Un proletario veneto incazzato con la macchina statale, sfiduciato nei metodi parlamentari di cambiamento, disposto a rischiare in prima persona per "smuovere le acque" del pantano italiano, un lavoratore animato da questo sentimento (e al Nord cominciano ad essere tanti, soprattutto tra i meno anziani) per quali motivi dovrebbe lasciare Bossi e correre dietro ai "compagni" dell’Autonomia? Dietro a coloro, cioè, che sono disposti a collaborare con le istituzioni di uno stato che egli (a ragione!) odia e vuole tagliare? O ancora: perché mai dovrebbe preferire chi è passato -con una giravolta in piena linea di continuità con le posizioni di ieri- dalla teorizzazione dell’illegalità diffusa alla diffusione del legalitarismo più sconcio? Ha così torto Bossi a chiamare gli autonomi i "barboncini del sistema italiano"?

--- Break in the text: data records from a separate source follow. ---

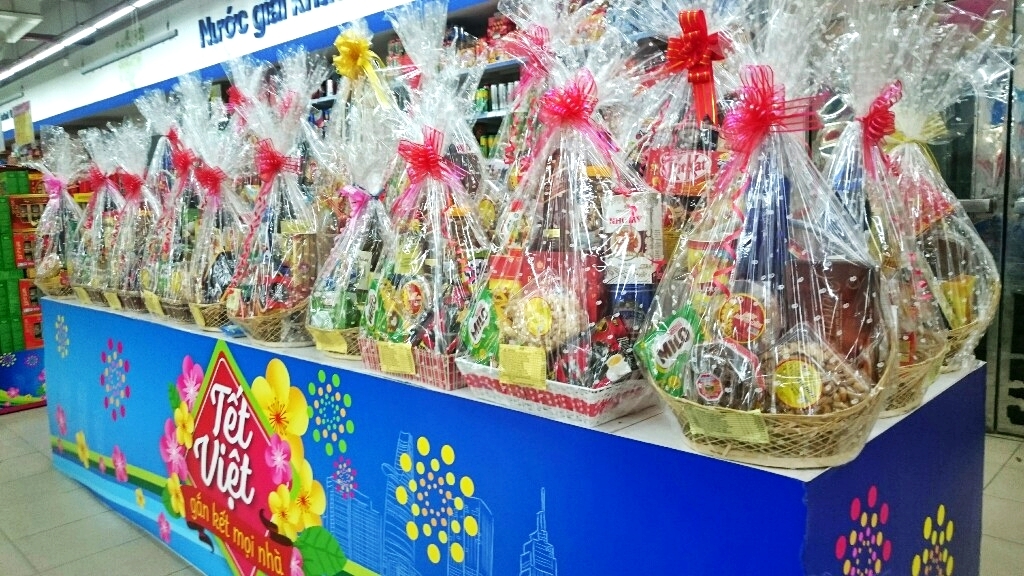 thi truong banh keo soi dong nhung ngay cuoi nam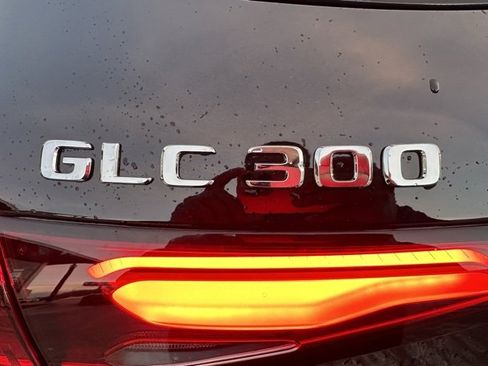 New 2026 Mercedes-Benz GLC 300 4MATIC image 9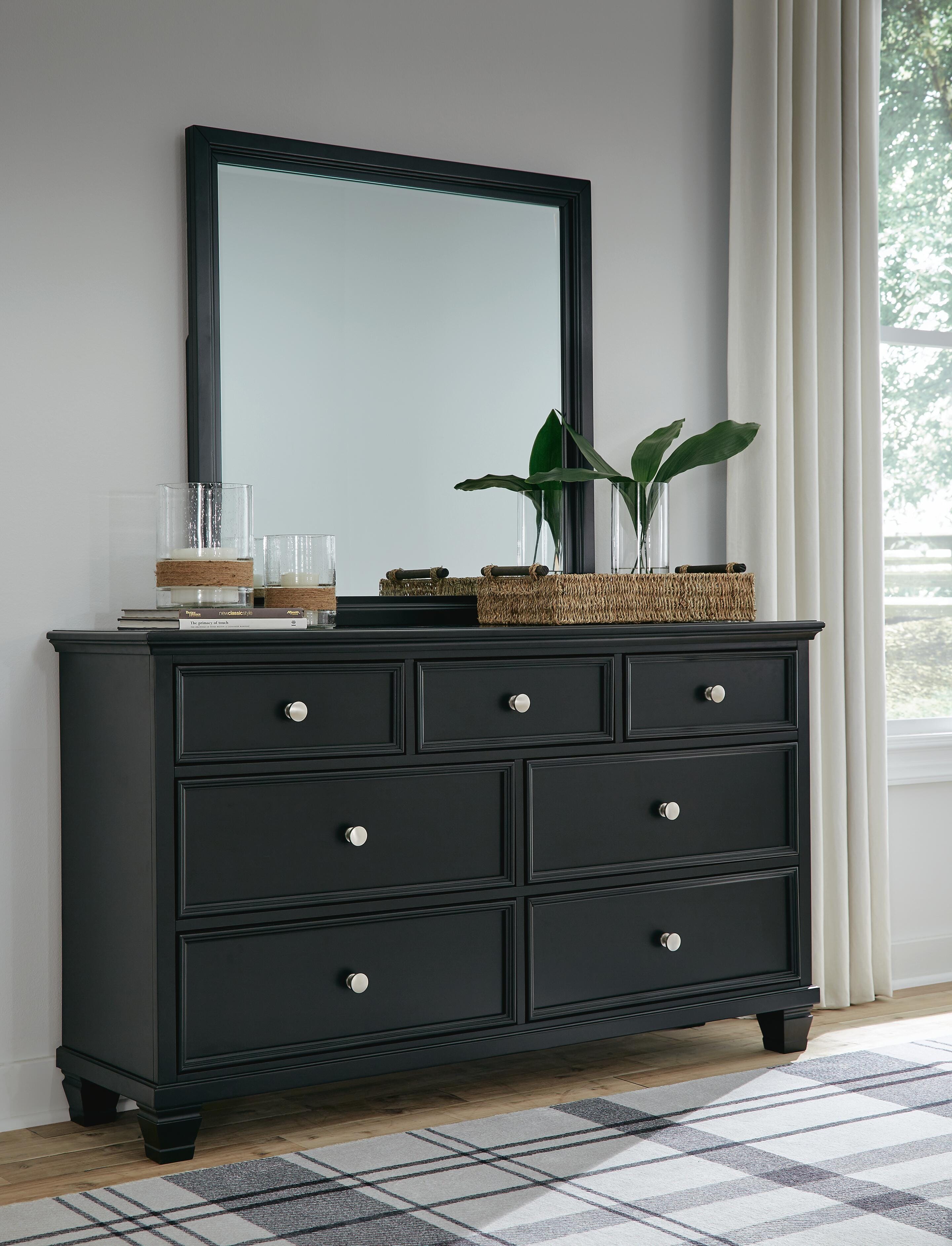 Lanolee Twin Panel Bed, Dresser, Mirror and Nightstand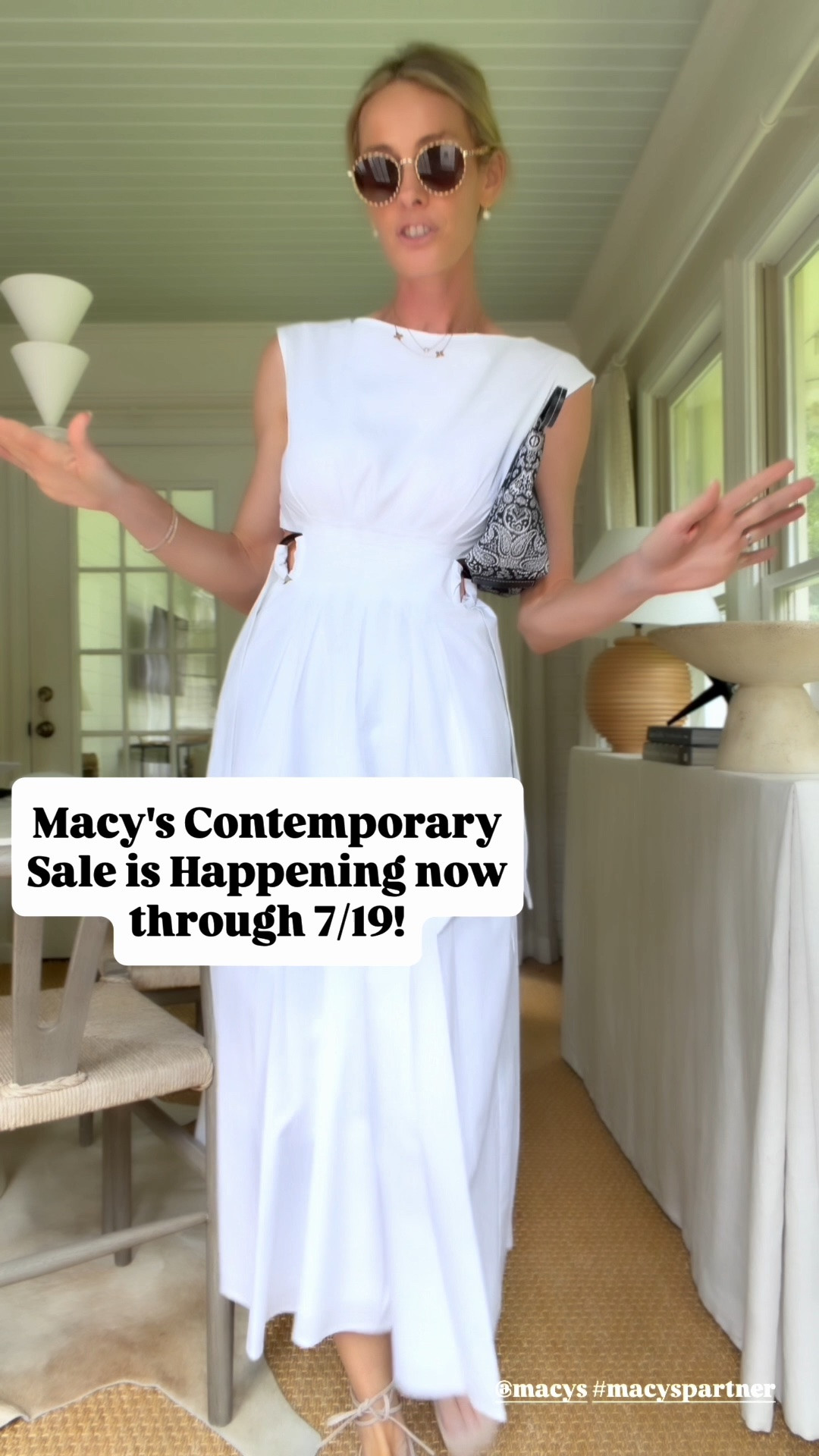 This Look! I love how clean and simple this is. Perfect as separates too! Go get yours from the Macy’s Contemporary Sale with 25% select styles happening right now through 7/19 ( exclusions apply ) #macyspartner @macys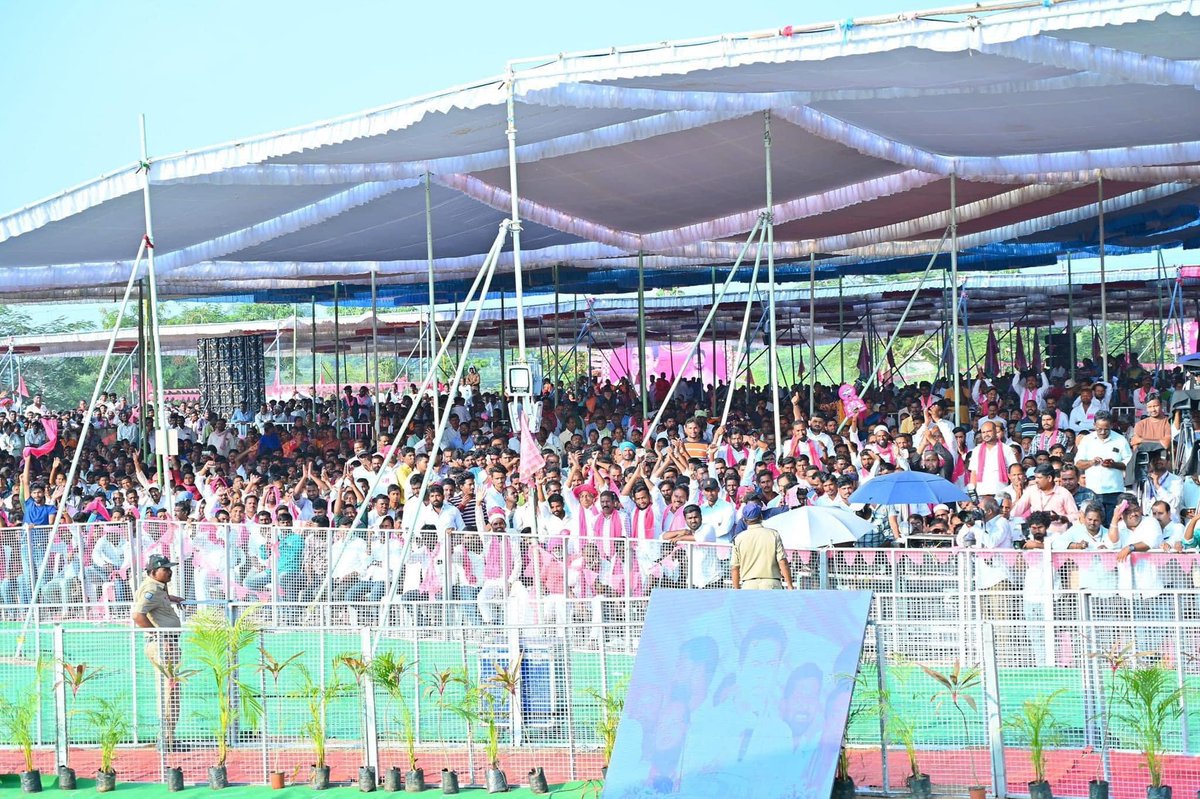 JohnsonKTRS's tweet photo. ఖానాపూర్  నియోజకవర్గంలోని జన్నారం మండల కేంద్రంలో  ఏర్పాటు చేసిన బిఆర్ఎస్ ప్రజా ఆశీర్వాధా సభలో బిఆర్ఎస్ పార్టీ వర్కింగ్ ప్రెసిడెంట్ తెలంగాణ రాష్ట్ర  IT మరియు పురపాలక శాఖ మాత్యులు KTR గారు పాల్గొని...

మళ్లీ బిఆర్ఎస్ ప్రభుత్వమే వస్తుందని అలాగే జాన్సన్  ఉంటేనే మంచి జరుగుతుందని https://t.co/f7ake3NuVI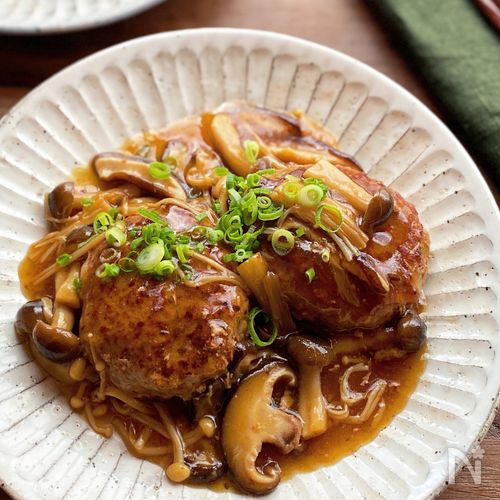 和風煮込みハンバーグ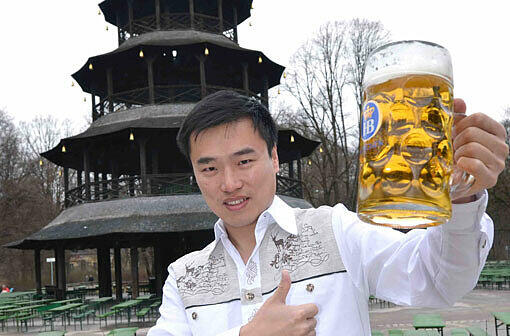 Hobbysänger Guangya Su mit einer Maß Bier &ndash; natürlich am Chinesischen Turm.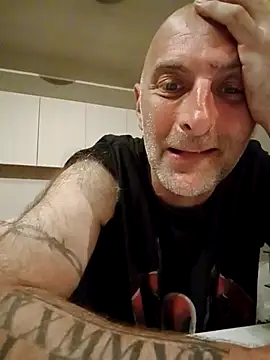 Snapshot of tinybear79 chatting on 27, 5, 2026 tinybear79 online show from 27, 5, 2026
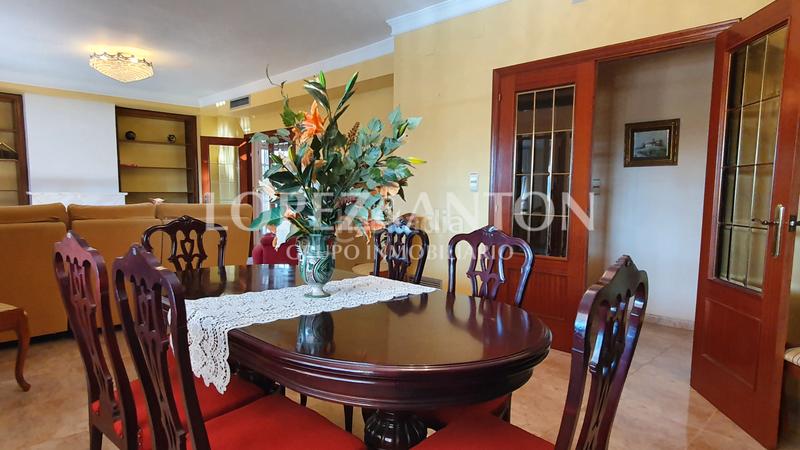 Foto 8cf8052b-c68e-4443-a6d9-e41258ebebe6. Chalet mit heizung parking pool in Entrepinos Eliana (l´)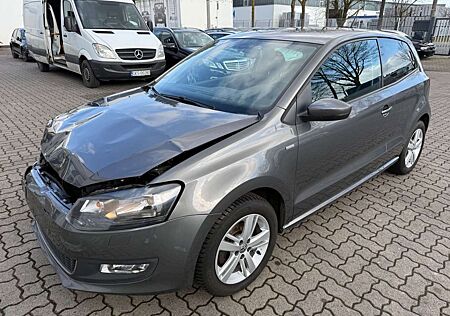 VW Polo Volkswagen V Life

Era inevitabile che in questa situazione Bossi avesse buon gioco: l’intera vicenda gli ha permesso di ottenere una maggiore centralizzazione delle forze leghiste (soprattuttuto quelle di estrazione proletaria) intorno alla bandiera della Lega. E, insieme a ciò, uno scompaginamento della base sociale del Polo con un’incipiente attrazione dei suoi elettori piccolo e medio borghesi verso il Carroccio.

In una lettera all’Unità, un esponente del PDS di Lecco denuncia che si sta realizzando "una saldatura tra l’elettorato leghista e quello del Polo (...) L’alleanza tra Lega e Polo, che qualche anno fa era stata attuata a livello di governo, ma non era stata recepita dall’elettorato, ora invece avviene proprio a quel livello". E, aggiungiamo noi, sul terreno secessionista della Lega Nord. Per Bossi un nuovo passo in avanti, da utilizzare come leva, come già sta facendo, per "invitare" le forze borghesi "padane" che contano (da Mediobanca a Berlusconi) a saltare sul suo carro e dare a quest’ultimo il nerbo capitalistico di cui difetta contro le tendenze centrifughe in atto nel Nord-Est e le mire degli stati capitalistici più forti.

Riuscirà la Lega in questo suo disegno? Allo stato delle cose non si può dire in quale forma avverrà la secessione del Nord, se in modo "ordinato" o "centrifugo". Certo i colpi che continua a ricevere Mediobanca dai mercati internazionali e dalla finanza vaticana (v. il boicottaggio della fusione con Marzotto e il fallimento del progettato matrimonio con la Cariplo e, attraverso di essa, con l’Ambroveneto) non lavorano certo a favore del primo sbocco. Così come non vanno sottovalutate le manovre (estero-dirette?) divisorie della Lega portate avanti in Veneto. Tuttavia, attenzione a cogliere il senso di marcia degli avvenimenti senza farsi impressionare dai giochi immediati. Il caso San Marco è molto istruttivo al proposito. Così come, su un altro piano, la vicenda passata del fascismo iniziale.

Sempre per analogia e con tutte le debite differenze, vediamo che anche in quel caso eravamo in presenza di spinte centrifughe incentrate sull’"autonomia" di interessi e ras locali. Ed anche in quel caso forti furono le tentazioni in molti ambiti di sinistra di giocare su tali divisioni (nell’intento di aspettarsi o promuovere una divisione del fascismo dal suo interno, magari con strizzatine d’occhio alla parte "responsabile" del movimento), nonché, al solito, di chiamare in proprio soccorso, in questo gioco, le forze istituzionali dello stato, sempre rigorosamente escludendo la propria mobilitazione di classe e lo scontro diretto proletariato-fascismo sul proprio terreno. In queste condizioni, era logico che un Mussolini, adoperando il bastone e la carota rispetto ai suoi, li abbia potuti ulteriormente affasciare sino agli esiti conclusivi. Non solo, ma abbia potuto utilizzare una cosa del genere per attrarre a sé non disprezzabili forze del campo nemico.

Che anche alle prossime elezioni padane verranno presentate liste anarchiche e comuniste dovrebbe essere un elemento di riflessione in più.